California is still burning. What's the cause?
I hope you are safe and well. Writing this post is déjà vu. After living through and writing about Australia’s wildfires in January, it has been California’s turn. Over the past month, hundreds of wildfires have ripped through the West Coast of the USA and more than 3 million acres have been burned in California alone, making it the largest wildfire event in the states modern history.
Like what happened in Australia, everyone seems to have their own perspective on the cause. President Donald Trump for example recently told supporters the California fires were because of ‘forest management’. Meanwhile, Democratic Presidential candidate Joe Biden linked it to climate change. So what’s the truth? We asked 11 global fire and forest experts to shed some light on this debate.
Climate change is likely increasing wildfire risk in California, but it’s just one factor
The evidence that climate warming has increased the risk of wildfires is over-whelming (you can read our analysis of the Australian bushfires or see this recent analysis by researchers at ScienceBrief). But what about California specifically?
Not even including this latest mega-fire, the amount of land burnt by wildfires in California has gone up 5-fold since 1970.
California is getting hit with more and larger fires and those researchers found that this is “very likely” driven by drying of fuel loads on the ground, “promoted by human‐induced warming”. This analysis doesn’t even include the latest wildfires which are 3-times the scale of the 2017 California wildfires.
A new study from NASA shows exactly how climate change is already impacting temperatures, drought and therefore risk of wildfires in California. Like for Australia, the evidence shows California is going through hotter, more intense and more frequent heat-waves over the past few decades. Combine this with dry conditions, like I wrote about for the Australian bushfires, climate change is likely having an important role to play in making these types of destructive wildfires worse.
But climate change is NOT the only factor. Forest management is also important. It’s a vague term around authorities attempting to manage the fuel load on the ground. But much debate revolves around the concept of hazard reduction burning, sometimes called prescribed fire or intentional burning. Many people believe this practice is a proactive preventative measure against wildfires even in a hotter world. Is that true? We asked 11 global experts on fire management. Here’s what we found.
What is Hazard reduction burning? It’s not ‘back-burning’
Fires need an ignition (often it’s lightning) but also vegetation fuel for it to spread. Wildfires are more containable when there’s less-flammable fuel material to exacerbate them.
‘Hazard reduction burning’ simply reduces the amount of vegetation and biomass available to burn
says Dr Crystal Kolden an expert in fire science from the University of Idaho in Fire.
Hazard reduction burning occurs outside the fire season says Professor Philip Gibbons, forestry expert from the Australian National University. Many forests are adapted to fire and can quickly regrow so hazard reduction burning must be performed in up to six-year intervals if it's to succeed he says. This practice is commonly confused for back-burning, a method used to offset fires already in process.

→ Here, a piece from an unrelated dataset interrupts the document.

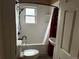 Bathroom featuring a shower-tub combo and modern fixtures at 1985 Blackhawk St, Aurora, CO 80011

Wildfires cannot be prevented but hazard reduction still important
Dr Joshua Johnston, an expert from the Canadian Fire Service says hazard reduction “reduces the available fuel and intensity for future fires” but doesn’t prevent fires he writes.
The mitigating properties of hazard reduction burning depends on varying factors such as time-lag following the treatment. Therefore, according to Johnston, even when using this method, it's not guaranteed to be an effective suppressor either.
Even more intriguing is that hazard reduction burning increases bushfire frequency in certain areas, according to Dr Kolden. The process promotes grass-growth in specific ecosystems, which generates vastly more fires but with less disastrous results. In fact, igniting more fires is part of maintaining the African Savannah grasslands.
Dr Johnston also points out that many people make the mistake of correlating hazard reduction burning and decreased fire activity. This assumption is due to the years with increased reduction-burning occurring alongside fewer wildfires requiring suppression.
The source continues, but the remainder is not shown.